(Data section)
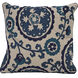 Blue Suzani 20 X 5 inch Blue with White Accent Pillow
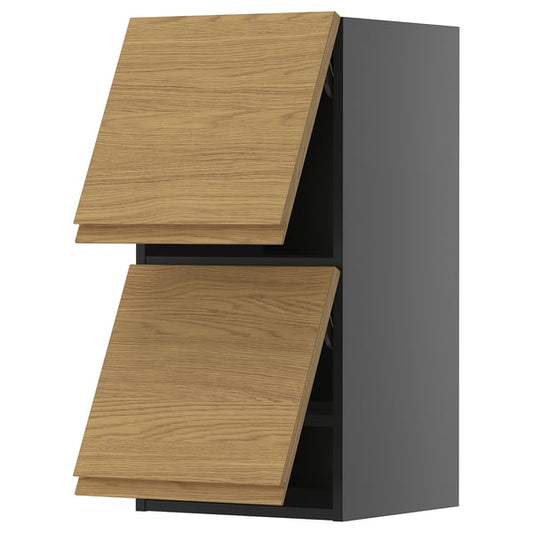METOD - METOD Wall cabinet horizontal w 2 doors, black-grey/Voxtorp oak effect, 40x80 cm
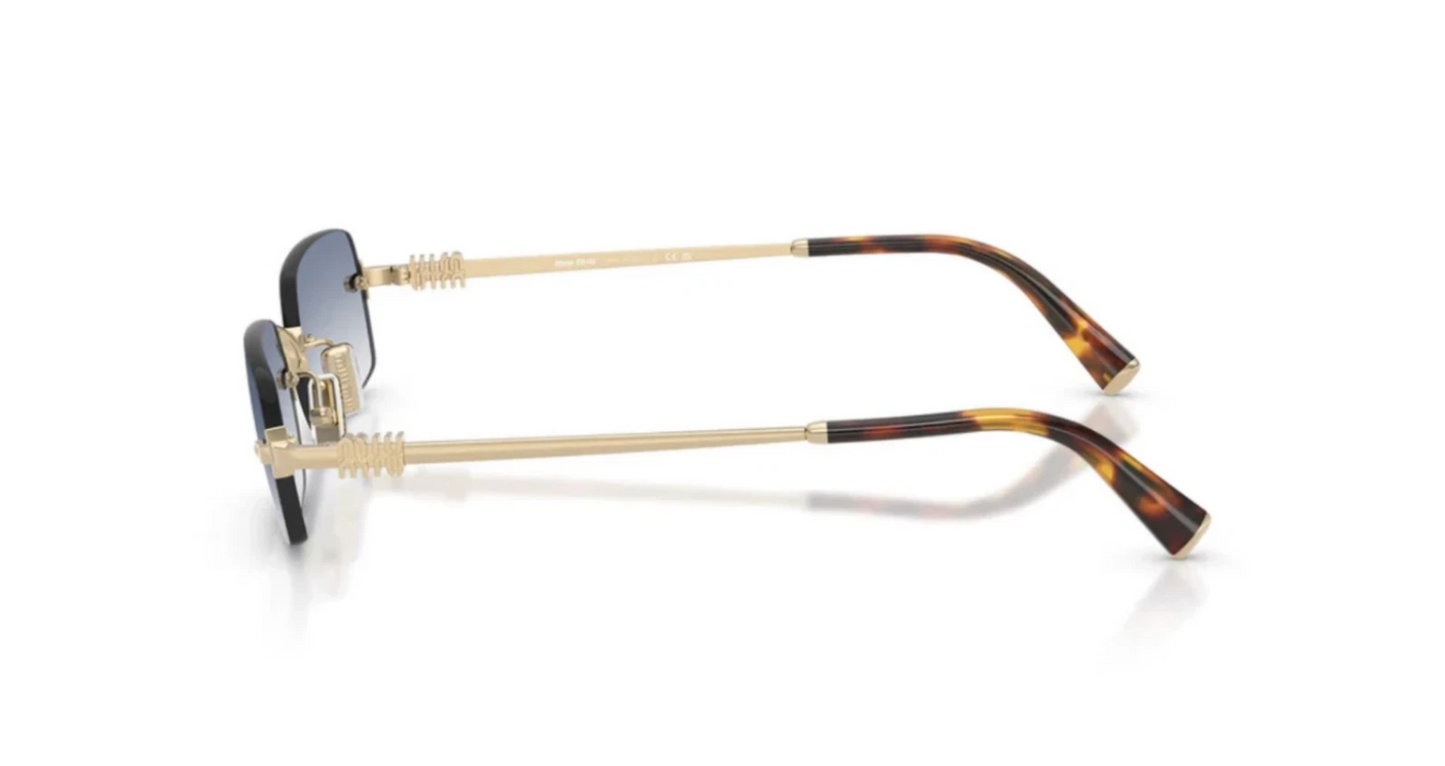 Miu Miu Logo MU B50S ZVN80O Square Sunglasses in Gold / Blue Gradient Lens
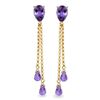 Image 1 : Genuine 7.5 ctw Amethyst Earrings Jewelry 14KT Yellow Gold - REF-39R3P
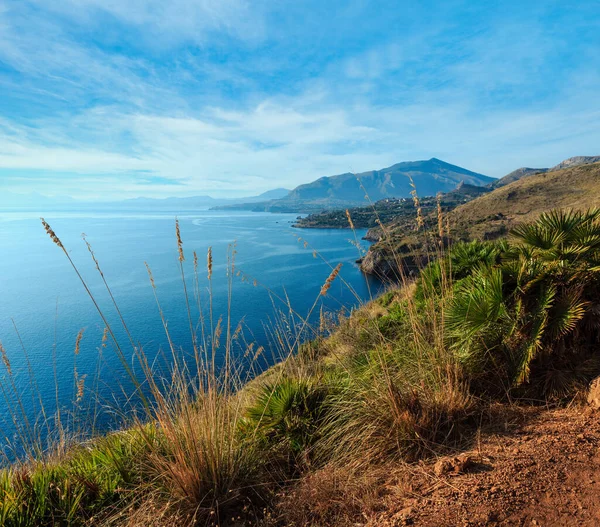Paradies Sonnenaufgang Meereslandschaft Vom Küstenweg Des Zingaro Naturpark Zwischen San — Stockfoto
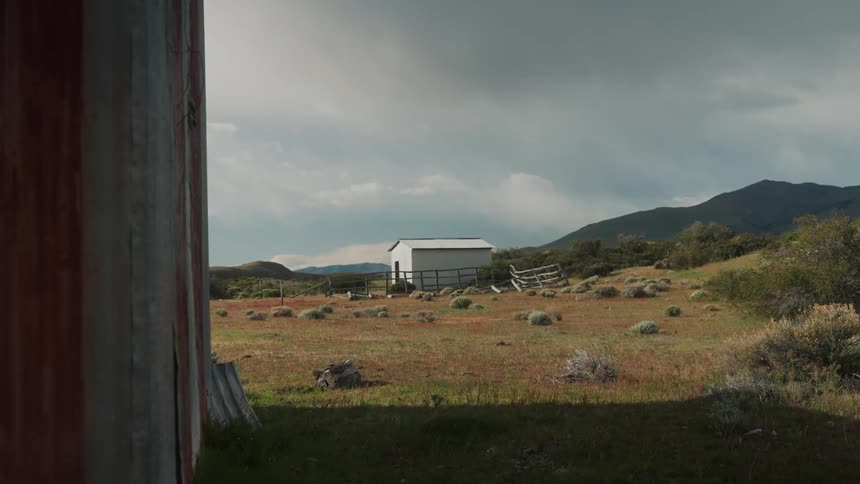 White shack on a ranch in the rural countryside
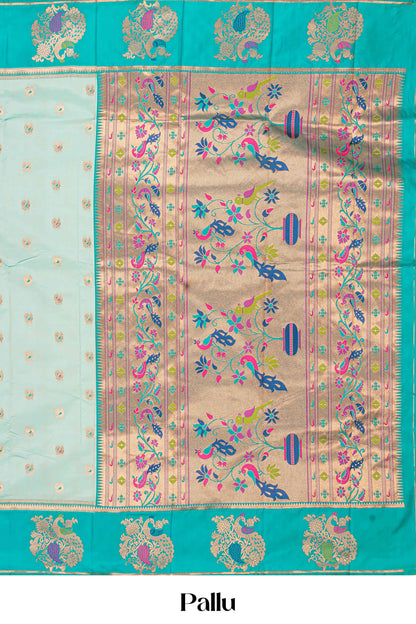 Pastel green art silk elegant saree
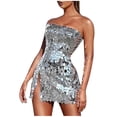 thumbnail image 1 of Busydd Womens Dresses Silver Strapless Bodycon Sequin Dress for Women Sparkly Glitter Cocktail Dresses Party Club Mini Dresses, 1 of 9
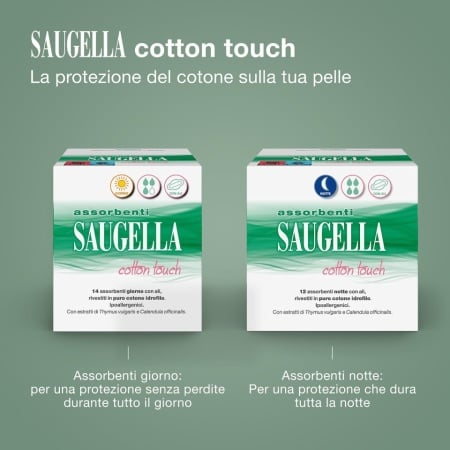 Absorbante de Noapte cu Aripioare Saugella Cotton Touch, 100% Bumbac, Protecție Activă cu Extract de Cimbru (Thymus Vulgaris), Hipoalergenice, 36 Bucăți - Img 5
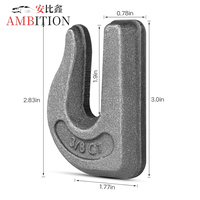 AMBITION Soldadura en gancho de agarre Ganchos de cubo de tractor de 3/8 pulgadas G70 Gancho de cadena de remolque soldable con horquilla forjada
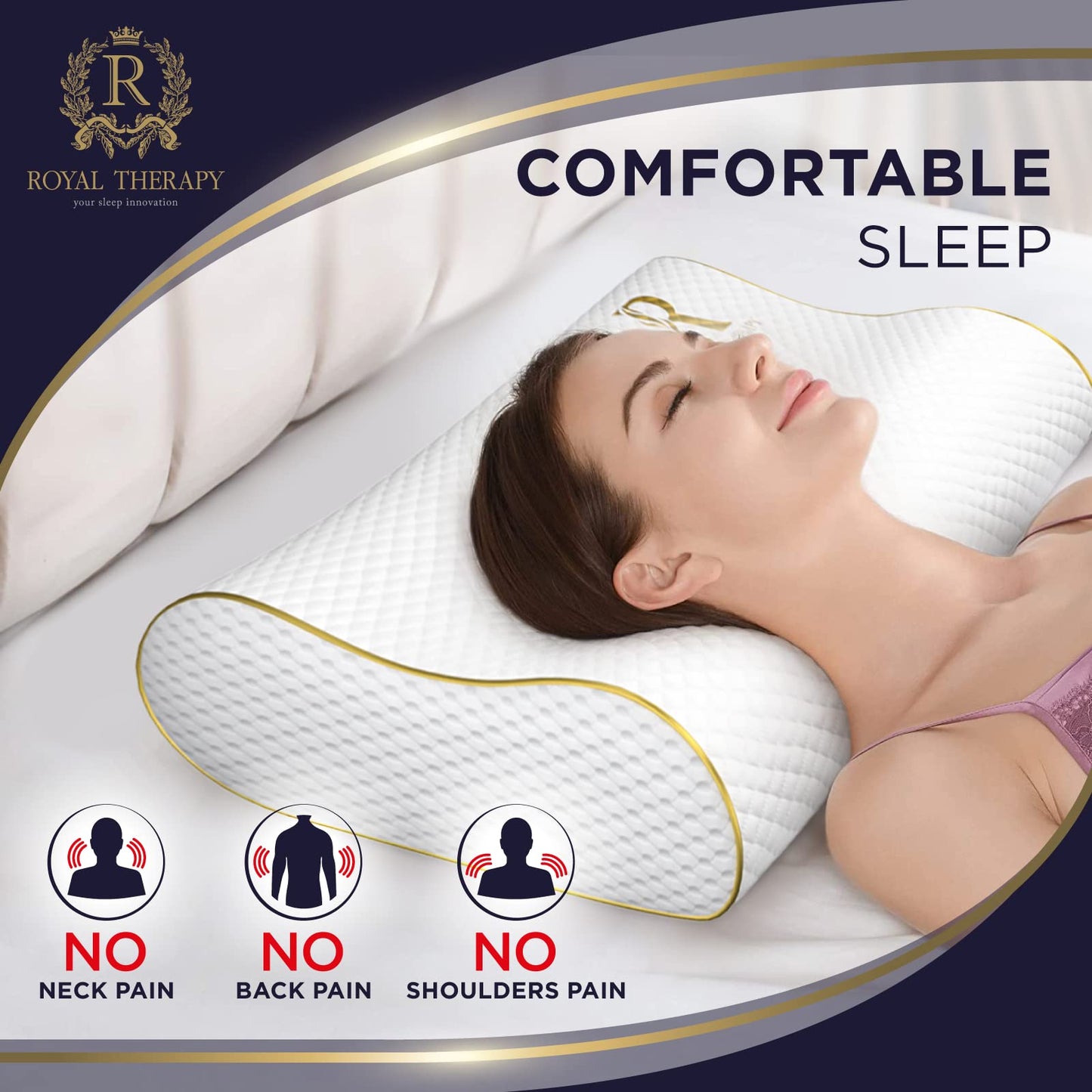 Royal Therapy Travel Memory Foam Pillow, Camping, Cervical for Pain, Contour Pillow, Shoulder Pain, Neck Pain Pillow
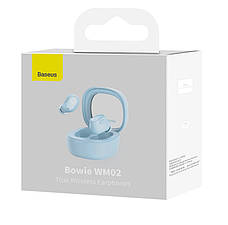 Навушники вакуумні безпровідні з мікрофоном Baseus Bowie WM02 TWS в кейсі Блакитний (NGTW180003), фото 6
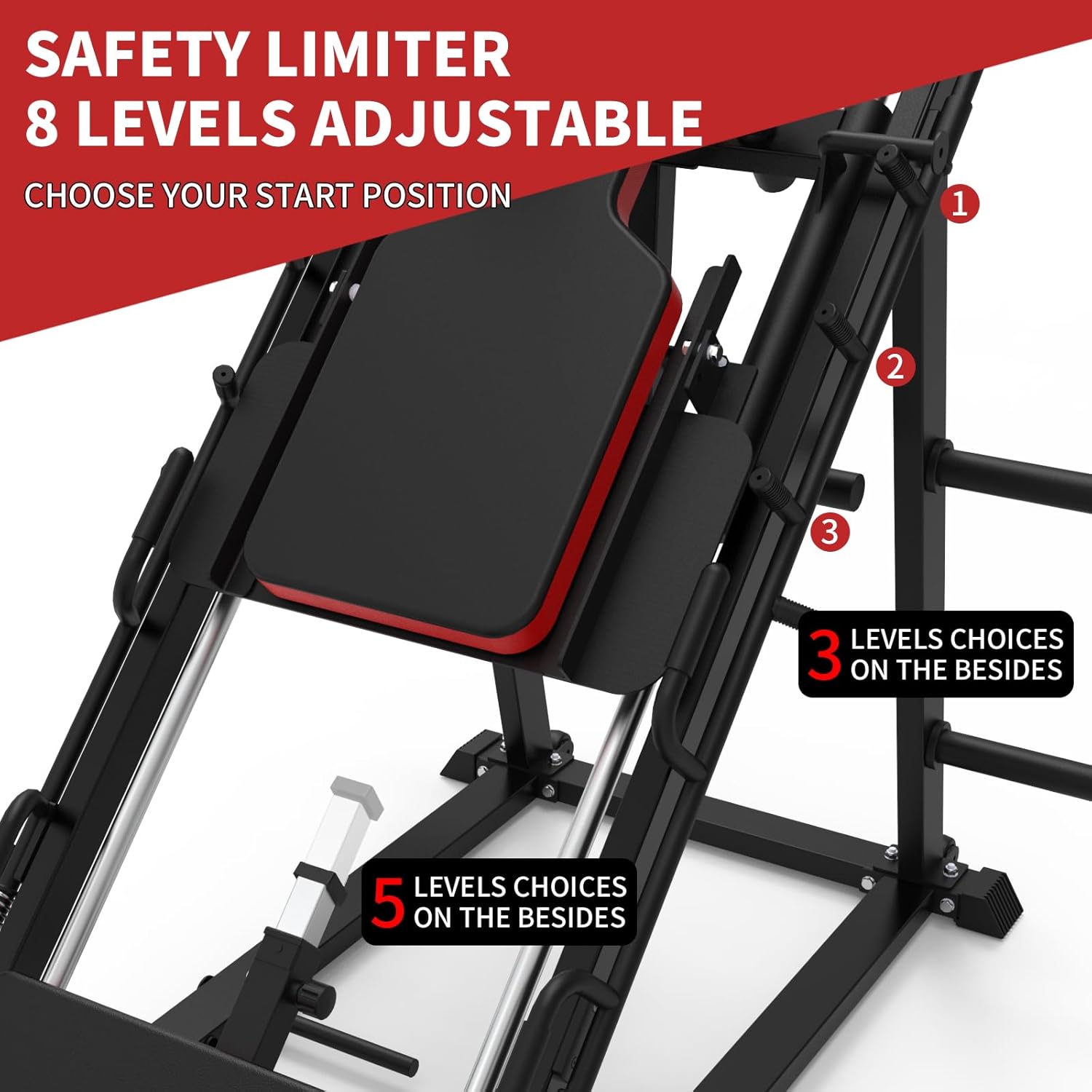 Leg Press Hack Squat Machine Combo with Weight Storage Posts F472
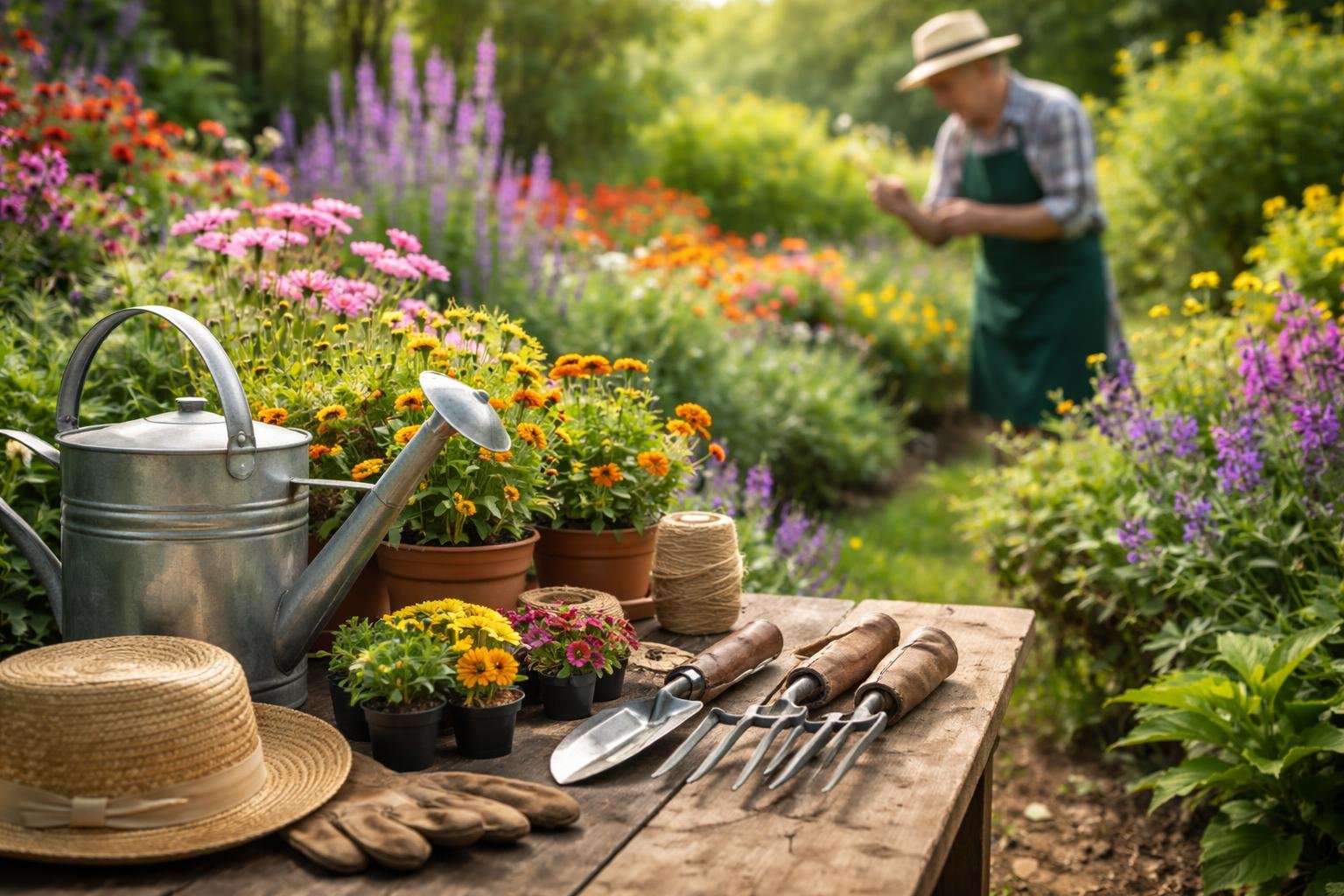 jardin-verdoyant-outils-table-jardinier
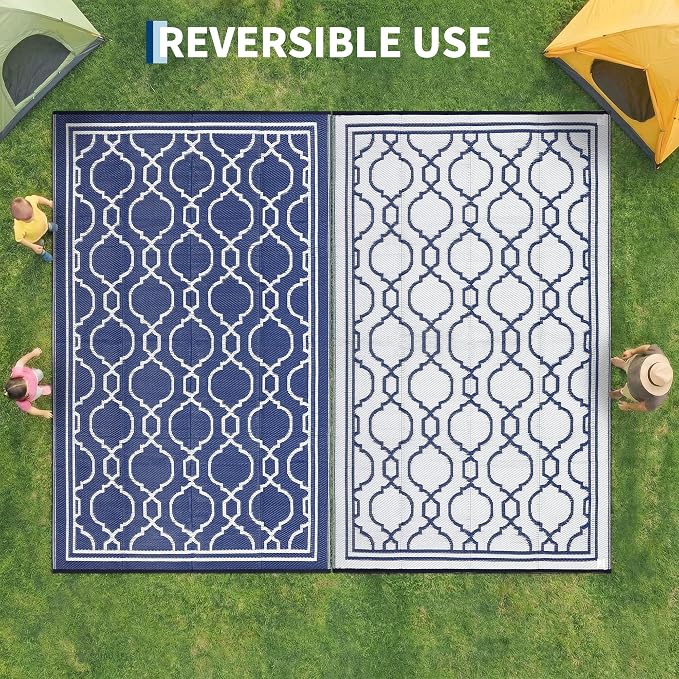 Garvee 9 x 12 Outdoor Rug Waterproof for Patio, Foldable Reversible Plastic Straw Area Rug, Large Mats for Camping, RV, Balcony, Deck, Picnic, Beach, Blue & White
(End Data section)
- The problem: After locating the line containing "Miu Miu Logo" in the entries above, return it and every line after it exactly, ending at the line containing "Absorbante de Noapte", without pictures.

- Answer section:
 Miu Miu Logo MU B50S ZVN80O Square Sunglasses in Gold / Blue Gradient Lens
 Image 1 : Genuine 7.5 ctw Amethyst Earrings Jewelry 14KT Yellow Gold - REF-39R3P
Paradies Sonnenaufgang Meereslandschaft Vom Küstenweg Des Zingaro Naturpark Zwischen San — Stockfoto
 White shack on a ranch in the rural countryside
 Pastel green art silk elegant saree
 thumbnail image 1 of Busydd Womens Dresses Silver Strapless Bodycon Sequin Dress for Women Sparkly Glitter Cocktail Dresses Party Club Mini Dresses, 1 of 9
 Absorbante de Noapte cu Aripioare Saugella Cotton Touch, 100% Bumbac, Protecție Activă cu Extract de Cimbru (Thymus Vulgaris), Hipoalergenice, 36 Bucăți - Img 5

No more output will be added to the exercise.